In the mid-1970s Hills bought 'Havenfields' in Great Missenden, Buckinghamshire and had its workshop there until 1992.

The acquisition of the company by Stefan-Peter Greiner, renowned violin maker, Simon Morris and Steven Smith, managing directors of J&A Beare, Derek Wilson, W. E. Hill & Sons bow-maker, and Robert Brewer Young, distinguished luthier, marked its return to London. The W. E. Hill & Sons workshop is located in the historic coach house and stables of Burgh House from 1704 in London Hampstead.

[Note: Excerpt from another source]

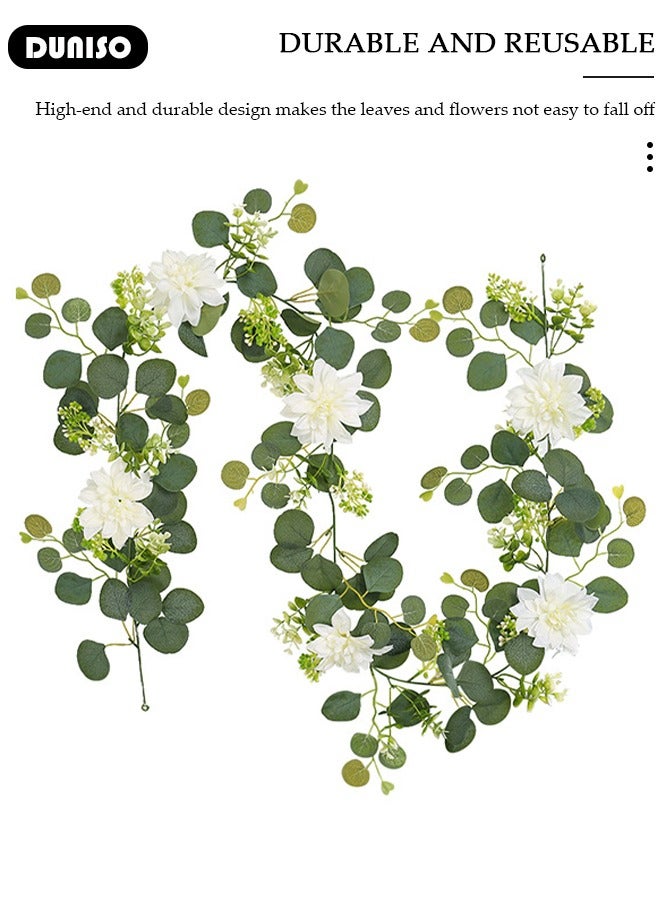 DUNISO Artificial Greenery Garland with Flowers, Leaf Eucalyptus Garland Hanging for Wedding Home Party Craft Art Table Runner Backdrop Indoor Outdoor Decor - Image 2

Under the direction of Robert Brewer Young and Stefan-Peter Greiner, violins modelled after Stradivari - including the Messiah of 1716 - notable Bergonzis, and the work of Guarneri del Gesu are being made as part of the Hill heritage.

Derek Wilson, who joined Hill in 1978, oversees the making of bows that offer the excellence of an enduring English tradition.

== Bibliography ==
- Hill, W. H. (1909). "Antonio Stradivari: His Life and Work, 1644–1737"
- Hill, William Henry (1932). "The Violin Makers of the Guarneri Family: Their Life and Work"
- W.E. Hill & Sons (1976). "The Tuscan and the Messie"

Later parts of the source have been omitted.